_What you should do_
The entries must be restated exactly as written.

_Records_
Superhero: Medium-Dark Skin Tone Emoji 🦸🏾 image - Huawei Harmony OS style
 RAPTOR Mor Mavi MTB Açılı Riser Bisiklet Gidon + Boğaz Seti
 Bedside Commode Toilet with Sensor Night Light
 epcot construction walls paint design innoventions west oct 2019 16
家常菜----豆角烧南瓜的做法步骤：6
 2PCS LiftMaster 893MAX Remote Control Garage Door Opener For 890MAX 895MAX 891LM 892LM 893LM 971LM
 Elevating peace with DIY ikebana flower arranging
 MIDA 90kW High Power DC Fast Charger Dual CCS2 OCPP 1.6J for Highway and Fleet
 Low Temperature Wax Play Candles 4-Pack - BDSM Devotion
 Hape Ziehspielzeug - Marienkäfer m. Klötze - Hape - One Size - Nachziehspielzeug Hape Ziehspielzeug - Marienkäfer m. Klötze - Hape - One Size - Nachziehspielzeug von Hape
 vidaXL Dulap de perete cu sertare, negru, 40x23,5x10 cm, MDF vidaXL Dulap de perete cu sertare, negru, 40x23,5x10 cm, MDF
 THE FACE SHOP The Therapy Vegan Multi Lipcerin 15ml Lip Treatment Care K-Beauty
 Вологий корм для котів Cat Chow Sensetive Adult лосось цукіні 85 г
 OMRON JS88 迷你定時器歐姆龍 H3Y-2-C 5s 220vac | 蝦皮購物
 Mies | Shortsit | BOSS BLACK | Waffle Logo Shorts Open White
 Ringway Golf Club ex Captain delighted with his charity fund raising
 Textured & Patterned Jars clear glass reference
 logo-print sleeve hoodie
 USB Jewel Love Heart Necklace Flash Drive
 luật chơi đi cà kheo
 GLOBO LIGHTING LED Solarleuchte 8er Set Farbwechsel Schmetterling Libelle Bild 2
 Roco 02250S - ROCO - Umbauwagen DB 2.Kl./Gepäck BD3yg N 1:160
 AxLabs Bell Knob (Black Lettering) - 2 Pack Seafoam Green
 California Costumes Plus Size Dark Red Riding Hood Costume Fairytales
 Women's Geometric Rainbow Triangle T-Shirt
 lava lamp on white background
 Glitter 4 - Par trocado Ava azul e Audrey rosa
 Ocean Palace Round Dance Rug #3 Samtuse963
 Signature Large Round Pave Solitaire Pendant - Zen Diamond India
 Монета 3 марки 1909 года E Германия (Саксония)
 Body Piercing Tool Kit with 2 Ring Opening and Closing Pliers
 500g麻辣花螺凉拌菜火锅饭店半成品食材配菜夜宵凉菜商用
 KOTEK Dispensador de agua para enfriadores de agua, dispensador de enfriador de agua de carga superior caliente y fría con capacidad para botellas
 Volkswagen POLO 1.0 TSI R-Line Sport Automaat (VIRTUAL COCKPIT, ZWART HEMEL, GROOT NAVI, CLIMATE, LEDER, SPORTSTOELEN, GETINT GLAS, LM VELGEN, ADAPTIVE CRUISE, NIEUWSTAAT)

_Solution to this problem_
Superhero: Medium-Dark Skin Tone Emoji 🦸🏾 image - Huawei Harmony OS style
 RAPTOR Mor Mavi MTB Açılı Riser Bisiklet Gidon + Boğaz Seti
 Bedside Commode Toilet with Sensor Night Light
 epcot construction walls paint design innoventions west oct 2019 16
家常菜----豆角烧南瓜的做法步骤：6
 2PCS LiftMaster 893MAX Remote Control Garage Door Opener For 890MAX 895MAX 891LM 892LM 893LM 971LM
 Elevating peace with DIY ikebana flower arranging
 MIDA 90kW High Power DC Fast Charger Dual CCS2 OCPP 1.6J for Highway and Fleet
 Low Temperature Wax Play Candles 4-Pack - BDSM Devotion
 Hape Ziehspielzeug - Marienkäfer m. Klötze - Hape - One Size - Nachziehspielzeug Hape Ziehspielzeug - Marienkäfer m. Klötze - Hape - One Size - Nachziehspielzeug von Hape
 vidaXL Dulap de perete cu sertare, negru, 40x23,5x10 cm, MDF vidaXL Dulap de perete cu sertare, negru, 40x23,5x10 cm, MDF
 THE FACE SHOP The Therapy Vegan Multi Lipcerin 15ml Lip Treatment Care K-Beauty
 Вологий корм для котів Cat Chow Sensetive Adult лосось цукіні 85 г
 OMRON JS88 迷你定時器歐姆龍 H3Y-2-C 5s 220vac | 蝦皮購物
 Mies | Shortsit | BOSS BLACK | Waffle Logo Shorts Open White
 Ringway Golf Club ex Captain delighted with his charity fund raising
 Textured & Patterned Jars clear glass reference
 logo-print sleeve hoodie
 USB Jewel Love Heart Necklace Flash Drive
 luật chơi đi cà kheo
 GLOBO LIGHTING LED Solarleuchte 8er Set Farbwechsel Schmetterling Libelle Bild 2
 Roco 02250S - ROCO - Umbauwagen DB 2.Kl./Gepäck BD3yg N 1:160
 AxLabs Bell Knob (Black Lettering) - 2 Pack Seafoam Green
 California Costumes Plus Size Dark Red Riding Hood Costume Fairytales
 Women's Geometric Rainbow Triangle T-Shirt
 lava lamp on white background
 Glitter 4 - Par trocado Ava azul e Audrey rosa
 Ocean Palace Round Dance Rug #3 Samtuse963
 Signature Large Round Pave Solitaire Pendant - Zen Diamond India
 Монета 3 марки 1909 года E Германия (Саксония)
 Body Piercing Tool Kit with 2 Ring Opening and Closing Pliers
 500g麻辣花螺凉拌菜火锅饭店半成品食材配菜夜宵凉菜商用
 KOTEK Dispensador de agua para enfriadores de agua, dispensador de enfriador de agua de carga superior caliente y fría con capacidad para botellas
 Volkswagen POLO 1.0 TSI R-Line Sport Automaat (VIRTUAL COCKPIT, ZWART HEMEL, GROOT NAVI, CLIMATE, LEDER, SPORTSTOELEN, GETINT GLAS, LM VELGEN, ADAPTIVE CRUISE, NIEUWSTAAT)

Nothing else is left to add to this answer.